## AIM OF THE EXERCISE
Where the line with "others work in a positive" appears below, start writing out lines exactly, and finish with the line with "D-Line Support Mural", which is included; write out nothing else.

## RECORDS FOR THIS TASK
********************

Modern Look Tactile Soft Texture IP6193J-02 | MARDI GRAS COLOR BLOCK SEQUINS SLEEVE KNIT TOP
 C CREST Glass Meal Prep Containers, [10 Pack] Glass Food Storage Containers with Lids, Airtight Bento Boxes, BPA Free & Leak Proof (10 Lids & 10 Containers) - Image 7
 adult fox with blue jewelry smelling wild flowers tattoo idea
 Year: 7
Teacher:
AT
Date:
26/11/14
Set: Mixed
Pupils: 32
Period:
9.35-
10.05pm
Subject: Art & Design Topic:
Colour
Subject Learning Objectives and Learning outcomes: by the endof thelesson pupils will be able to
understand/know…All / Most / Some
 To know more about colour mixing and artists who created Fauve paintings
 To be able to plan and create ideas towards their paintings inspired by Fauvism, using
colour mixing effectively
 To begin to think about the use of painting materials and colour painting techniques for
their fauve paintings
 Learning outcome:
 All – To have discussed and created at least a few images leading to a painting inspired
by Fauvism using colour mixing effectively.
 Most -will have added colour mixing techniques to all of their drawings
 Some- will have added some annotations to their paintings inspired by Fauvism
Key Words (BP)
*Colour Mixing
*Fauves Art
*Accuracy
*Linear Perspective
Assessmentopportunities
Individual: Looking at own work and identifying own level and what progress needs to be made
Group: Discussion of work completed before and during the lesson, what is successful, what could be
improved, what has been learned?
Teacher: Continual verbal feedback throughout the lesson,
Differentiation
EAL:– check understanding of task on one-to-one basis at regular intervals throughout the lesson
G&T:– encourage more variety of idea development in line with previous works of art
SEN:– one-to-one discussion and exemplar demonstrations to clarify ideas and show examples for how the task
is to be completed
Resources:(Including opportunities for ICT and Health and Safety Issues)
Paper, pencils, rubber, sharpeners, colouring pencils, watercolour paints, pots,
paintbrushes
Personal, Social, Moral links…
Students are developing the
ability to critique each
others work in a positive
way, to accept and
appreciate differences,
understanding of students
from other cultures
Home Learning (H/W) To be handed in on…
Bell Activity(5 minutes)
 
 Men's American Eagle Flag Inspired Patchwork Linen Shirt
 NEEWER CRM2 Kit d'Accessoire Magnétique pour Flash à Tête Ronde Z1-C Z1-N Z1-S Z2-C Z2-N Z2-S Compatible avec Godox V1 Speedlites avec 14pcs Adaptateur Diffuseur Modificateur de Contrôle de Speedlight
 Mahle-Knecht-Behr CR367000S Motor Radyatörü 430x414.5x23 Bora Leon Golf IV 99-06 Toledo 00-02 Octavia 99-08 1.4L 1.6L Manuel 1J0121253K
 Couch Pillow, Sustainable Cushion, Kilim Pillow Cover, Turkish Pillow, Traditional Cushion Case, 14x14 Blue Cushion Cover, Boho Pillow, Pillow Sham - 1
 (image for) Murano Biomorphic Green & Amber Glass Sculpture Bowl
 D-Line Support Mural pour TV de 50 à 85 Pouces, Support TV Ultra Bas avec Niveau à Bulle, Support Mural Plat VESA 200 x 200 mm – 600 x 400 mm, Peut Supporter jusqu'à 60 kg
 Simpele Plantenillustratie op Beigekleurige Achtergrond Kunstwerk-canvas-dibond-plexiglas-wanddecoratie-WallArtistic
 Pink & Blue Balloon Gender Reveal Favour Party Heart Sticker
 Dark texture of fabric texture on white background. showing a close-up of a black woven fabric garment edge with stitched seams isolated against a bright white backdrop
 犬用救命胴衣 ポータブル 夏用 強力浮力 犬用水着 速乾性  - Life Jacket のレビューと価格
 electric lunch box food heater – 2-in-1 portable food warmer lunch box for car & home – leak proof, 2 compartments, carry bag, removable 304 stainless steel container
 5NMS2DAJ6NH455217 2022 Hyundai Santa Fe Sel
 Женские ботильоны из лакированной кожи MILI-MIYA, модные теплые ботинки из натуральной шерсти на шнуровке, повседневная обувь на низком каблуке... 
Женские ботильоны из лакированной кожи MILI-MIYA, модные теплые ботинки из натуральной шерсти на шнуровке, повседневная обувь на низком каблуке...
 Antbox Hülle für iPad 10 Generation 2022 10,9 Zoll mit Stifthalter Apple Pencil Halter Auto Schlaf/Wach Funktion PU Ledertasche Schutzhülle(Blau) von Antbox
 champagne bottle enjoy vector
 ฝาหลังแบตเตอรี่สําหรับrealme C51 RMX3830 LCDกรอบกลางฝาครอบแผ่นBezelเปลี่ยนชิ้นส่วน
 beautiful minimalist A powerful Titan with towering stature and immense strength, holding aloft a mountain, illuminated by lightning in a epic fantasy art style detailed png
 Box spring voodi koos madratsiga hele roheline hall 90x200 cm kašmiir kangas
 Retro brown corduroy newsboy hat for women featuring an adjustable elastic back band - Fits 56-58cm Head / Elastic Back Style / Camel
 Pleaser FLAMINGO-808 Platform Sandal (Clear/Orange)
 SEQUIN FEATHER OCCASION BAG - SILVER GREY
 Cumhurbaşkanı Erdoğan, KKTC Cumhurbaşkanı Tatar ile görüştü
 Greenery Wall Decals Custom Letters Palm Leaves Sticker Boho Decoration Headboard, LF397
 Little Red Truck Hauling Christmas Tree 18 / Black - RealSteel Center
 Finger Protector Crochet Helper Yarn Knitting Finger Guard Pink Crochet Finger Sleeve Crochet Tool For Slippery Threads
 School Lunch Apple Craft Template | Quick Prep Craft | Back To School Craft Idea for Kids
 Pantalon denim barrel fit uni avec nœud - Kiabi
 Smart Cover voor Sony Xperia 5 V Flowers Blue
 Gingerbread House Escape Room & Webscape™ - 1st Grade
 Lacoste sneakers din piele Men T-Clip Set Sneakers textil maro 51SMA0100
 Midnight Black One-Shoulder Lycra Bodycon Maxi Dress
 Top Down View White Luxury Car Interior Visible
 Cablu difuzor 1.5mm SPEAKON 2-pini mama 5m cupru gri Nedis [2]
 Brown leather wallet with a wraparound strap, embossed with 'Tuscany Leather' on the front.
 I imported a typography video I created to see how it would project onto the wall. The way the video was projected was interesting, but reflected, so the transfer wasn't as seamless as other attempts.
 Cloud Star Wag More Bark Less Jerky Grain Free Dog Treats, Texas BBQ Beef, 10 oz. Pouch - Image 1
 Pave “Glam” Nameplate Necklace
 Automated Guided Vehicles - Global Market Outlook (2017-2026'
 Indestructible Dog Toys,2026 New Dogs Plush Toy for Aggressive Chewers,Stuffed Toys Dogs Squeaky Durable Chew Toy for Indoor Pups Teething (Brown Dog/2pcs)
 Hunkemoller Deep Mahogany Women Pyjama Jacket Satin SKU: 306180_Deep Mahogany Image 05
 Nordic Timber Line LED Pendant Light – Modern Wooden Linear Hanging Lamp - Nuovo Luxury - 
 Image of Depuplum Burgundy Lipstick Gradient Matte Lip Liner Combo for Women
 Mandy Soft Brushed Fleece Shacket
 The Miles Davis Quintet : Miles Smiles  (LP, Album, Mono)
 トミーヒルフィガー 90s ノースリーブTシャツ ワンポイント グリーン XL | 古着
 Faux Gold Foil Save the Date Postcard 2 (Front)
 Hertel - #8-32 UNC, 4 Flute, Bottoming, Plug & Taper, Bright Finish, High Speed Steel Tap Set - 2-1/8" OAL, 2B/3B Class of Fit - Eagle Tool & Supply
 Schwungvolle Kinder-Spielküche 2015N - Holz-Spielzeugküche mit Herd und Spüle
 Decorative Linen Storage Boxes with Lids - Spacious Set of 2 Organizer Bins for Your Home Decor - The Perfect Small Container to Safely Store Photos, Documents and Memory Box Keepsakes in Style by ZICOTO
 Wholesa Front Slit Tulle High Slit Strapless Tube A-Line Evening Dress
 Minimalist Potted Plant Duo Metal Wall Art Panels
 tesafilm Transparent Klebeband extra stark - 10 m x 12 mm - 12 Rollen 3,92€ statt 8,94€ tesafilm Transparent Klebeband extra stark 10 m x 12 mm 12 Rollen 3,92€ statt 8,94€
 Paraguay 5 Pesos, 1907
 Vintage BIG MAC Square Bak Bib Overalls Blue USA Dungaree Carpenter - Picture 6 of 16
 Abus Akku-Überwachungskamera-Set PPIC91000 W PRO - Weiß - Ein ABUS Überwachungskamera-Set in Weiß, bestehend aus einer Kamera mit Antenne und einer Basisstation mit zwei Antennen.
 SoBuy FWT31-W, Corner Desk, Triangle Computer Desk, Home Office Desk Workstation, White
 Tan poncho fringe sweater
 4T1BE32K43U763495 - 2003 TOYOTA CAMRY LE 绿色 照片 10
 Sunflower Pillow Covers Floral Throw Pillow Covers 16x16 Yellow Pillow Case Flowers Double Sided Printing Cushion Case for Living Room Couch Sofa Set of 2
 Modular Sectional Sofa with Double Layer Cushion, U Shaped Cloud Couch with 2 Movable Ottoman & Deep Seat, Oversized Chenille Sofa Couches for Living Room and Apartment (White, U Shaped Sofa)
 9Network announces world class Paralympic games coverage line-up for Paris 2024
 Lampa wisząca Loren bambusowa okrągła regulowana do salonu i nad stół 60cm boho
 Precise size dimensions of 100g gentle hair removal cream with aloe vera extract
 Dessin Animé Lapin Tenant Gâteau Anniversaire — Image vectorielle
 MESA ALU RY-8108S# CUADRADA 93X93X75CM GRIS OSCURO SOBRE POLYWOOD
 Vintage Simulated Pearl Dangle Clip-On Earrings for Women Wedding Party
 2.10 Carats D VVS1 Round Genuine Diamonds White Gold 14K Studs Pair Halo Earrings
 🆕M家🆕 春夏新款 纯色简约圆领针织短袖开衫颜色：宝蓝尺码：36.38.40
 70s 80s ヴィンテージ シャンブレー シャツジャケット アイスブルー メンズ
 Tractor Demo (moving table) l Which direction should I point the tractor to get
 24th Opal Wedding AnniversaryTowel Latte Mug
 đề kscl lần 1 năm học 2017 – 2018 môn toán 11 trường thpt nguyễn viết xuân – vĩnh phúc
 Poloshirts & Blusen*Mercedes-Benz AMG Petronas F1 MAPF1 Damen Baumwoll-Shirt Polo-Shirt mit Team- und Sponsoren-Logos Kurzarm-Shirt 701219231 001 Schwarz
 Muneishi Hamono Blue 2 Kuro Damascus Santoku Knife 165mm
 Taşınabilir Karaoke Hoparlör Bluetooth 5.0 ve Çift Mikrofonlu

********************

## WRITTEN RESPONSE
others work in a positive
way, to accept and
appreciate differences,
understanding of students
from other cultures
Home Learning (H/W) To be handed in on…
Bell Activity(5 minutes)
 
 Men's American Eagle Flag Inspired Patchwork Linen Shirt
 NEEWER CRM2 Kit d'Accessoire Magnétique pour Flash à Tête Ronde Z1-C Z1-N Z1-S Z2-C Z2-N Z2-S Compatible avec Godox V1 Speedlites avec 14pcs Adaptateur Diffuseur Modificateur de Contrôle de Speedlight
 Mahle-Knecht-Behr CR367000S Motor Radyatörü 430x414.5x23 Bora Leon Golf IV 99-06 Toledo 00-02 Octavia 99-08 1.4L 1.6L Manuel 1J0121253K
 Couch Pillow, Sustainable Cushion, Kilim Pillow Cover, Turkish Pillow, Traditional Cushion Case, 14x14 Blue Cushion Cover, Boho Pillow, Pillow Sham - 1
 (image for) Murano Biomorphic Green & Amber Glass Sculpture Bowl
 D-Line Support Mural pour TV de 50 à 85 Pouces, Support TV Ultra Bas avec Niveau à Bulle, Support Mural Plat VESA 200 x 200 mm – 600 x 400 mm, Peut Supporter jusqu'à 60 kg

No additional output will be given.